Voting is not compulsory in Ireland. Almost 40 per cent of the electorate did not vote in the referendum, another 300,000 adults were unregistered, and voter participation last weekend was much lower than the average for general elections over the past 60 years.
This is an issue dominated by a passionate minority and it has become an increasingly hectoring minority, with a loyalty test that you must pass if you wish to maintain social acceptability. A similar “group think” fever took hold in the media’s coverage of the executions of two Australian citizens in Indonesia earlier this year.
The gap between advocacy and reportage disintegrated, and it is happening again. Last week, on a panel on Sky News, I was discussing same sex marriage when a co-panellist who said anyone who did not support gay marriage was “brain dead”. That pretty well sums up the gathering orthodoxy.

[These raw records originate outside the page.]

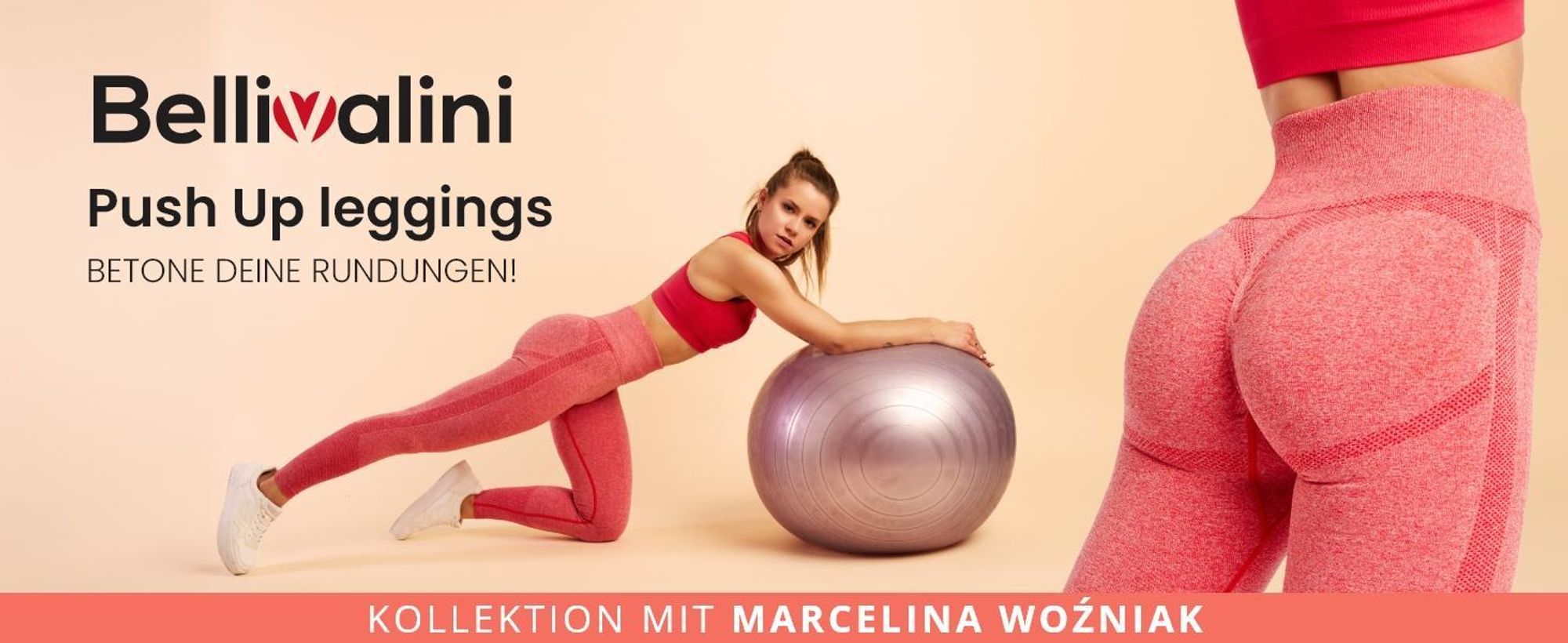 Bellivalini Legging Long En Viscose Tenue Sport Femme BLV50-147 (Rose, L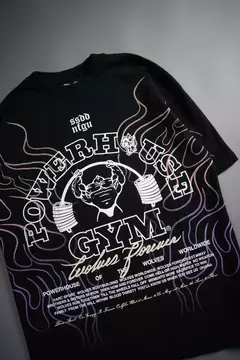 LIGHT YOUR FIRE "PREMIUM" OVERSIZED TEE IN BLACK - GYMVIBES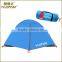 Waterproof Double Layer 2, 3, 4 Person 3 Season Aluminum Rod Double Skylight Outdoor Camping Tent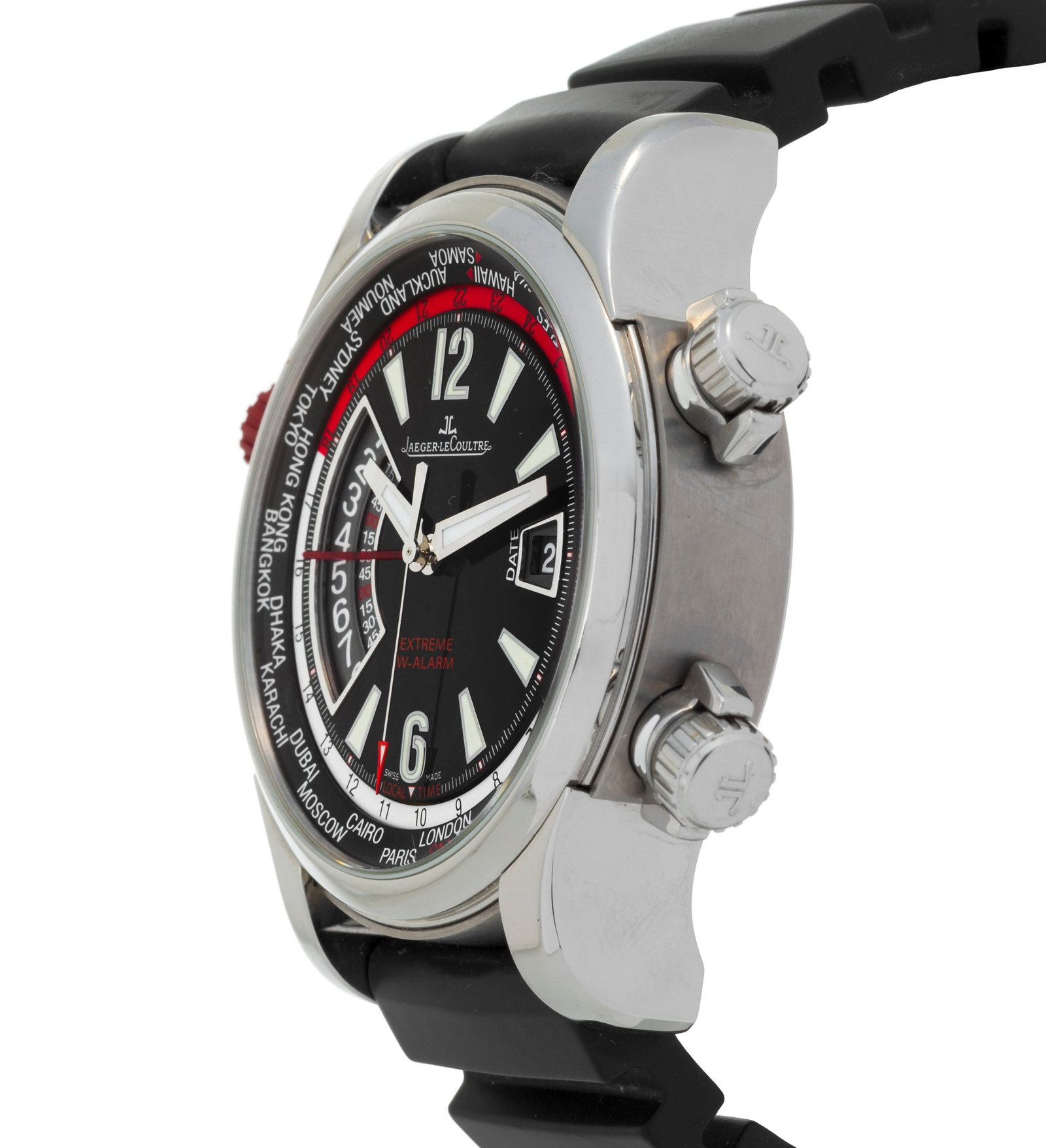 Jaeger-LeCoultre, Extreme W-Alarm, réf. 150.8.42, montre en acier avec indication de l'heure un - 2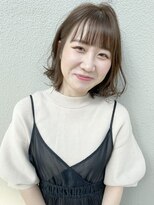 モリオ フロム ロンドン サッポロファクトリー店(morio FROM LONDON)&nbsp;【morio】札幌ボブ　春夏人気ナチュラルゆるふわボブミディ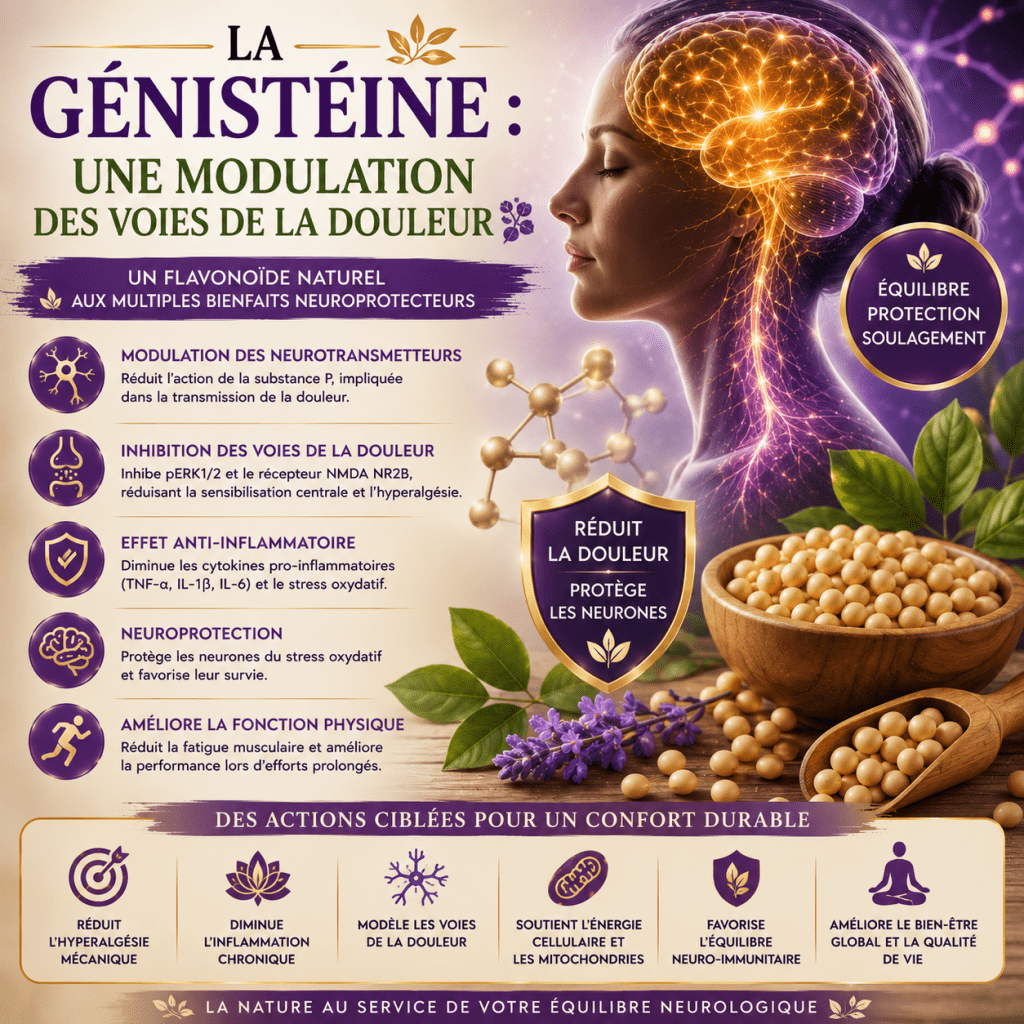 La génistéine : une modulation des voies de la douleur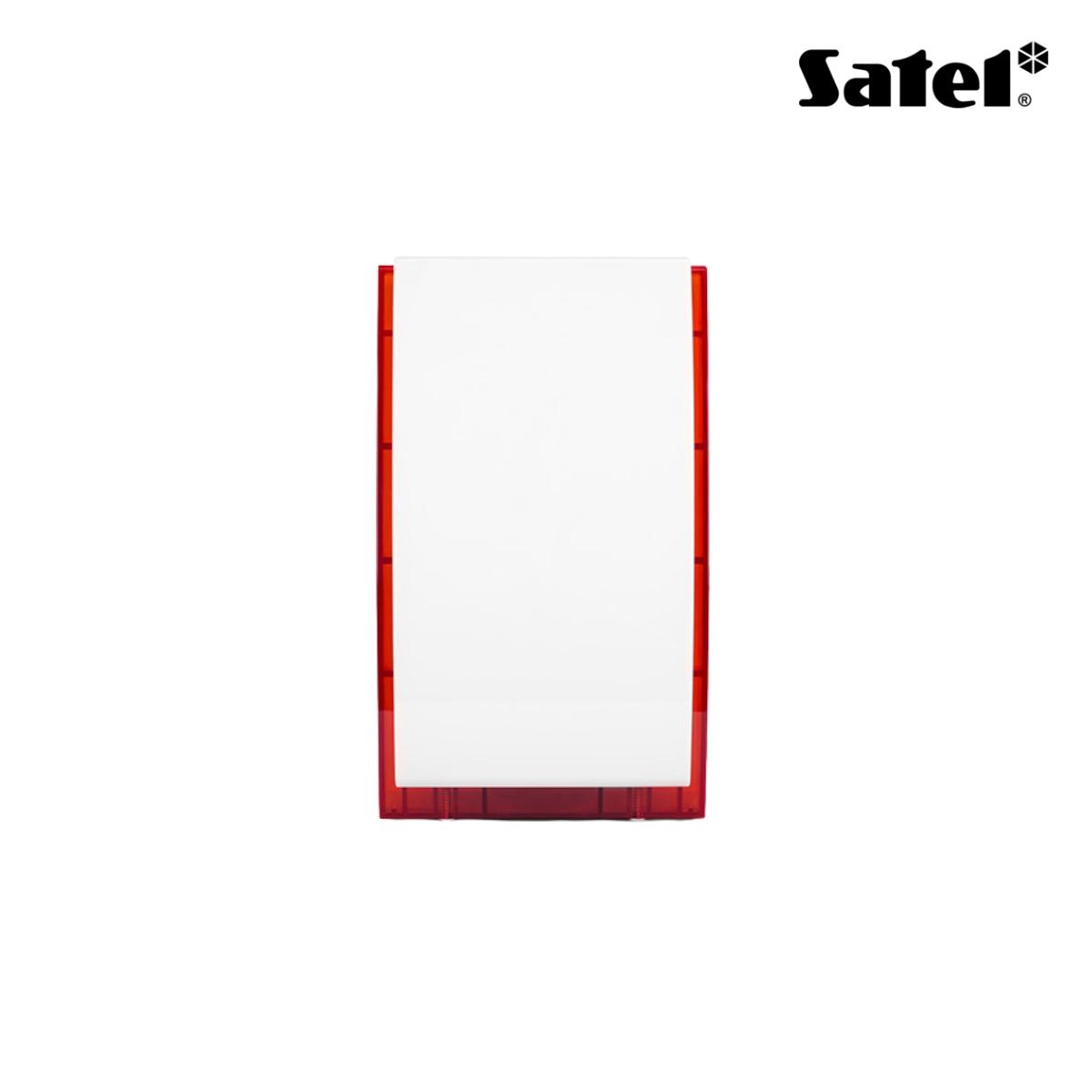 Sirena ottico ed acustica da interno wireless (red, PIEZO), batteria inclusa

This new orthodoxy is devoid of irony about intolerance in the name of tolerance, or contempt for the religious beliefs of a millions of people, or treating a millennium of cultural tradition as if it were suddenly a discredited, narrow-minded blight on social justice.
Like most people in Ireland, and most people I encounter in Australia, I do not hold a strong view on this matter. I can see the obvious merits of change but also some problems. I will be comfortable with the decision of the people, whichever way the vote goes.
But that’s the problem, the people may not get a vote. To not follow the example of Ireland, and hold a referendum, would be a missed opportunity.
The issue is important, it has gravitas, it transcends party politics, and it should be resolved in a spirit of bipartisanship. This is the direction Prime Minister Tony Abbott is attempting to take.
It is not the path chosen by the Opposition leader, Bill Shorten. He has decided to personalise the debate, and seek to make political capital. Last week, in announcing he would sponsor a bill supporting same sex marriage, he packaged his announcement with the phrase “It’s time”, seeking to revive the old slogan Labor used as it emerged from the wilderness in 1972.
Shorten also took the low road of personal denigration: “Tony Abbott is holding Australia back by preventing his MPs from voting for marriage equality.”
Shorten was educated at Xavier College in Melbourne, which means he was educated, like Abbott, by the Jesuits. While Abbott is attempting to respect his Catholic beliefs while paving the way for a vote that the church would oppose, no such delicacy inhibits Shorten’s opportunism.
Shorten’s opportunism has become his trademark, and is reflected in his failure to gain the trust of the electorate. It is exactly what the same sex marriage issue does not need.
Rather than politicians seeking to make capital over the definition of marriage, Australia would do well to follow the Irish example, and hold a referendum. Let the collective wisdom of the Australian public be the deciding factor. Let the people decide.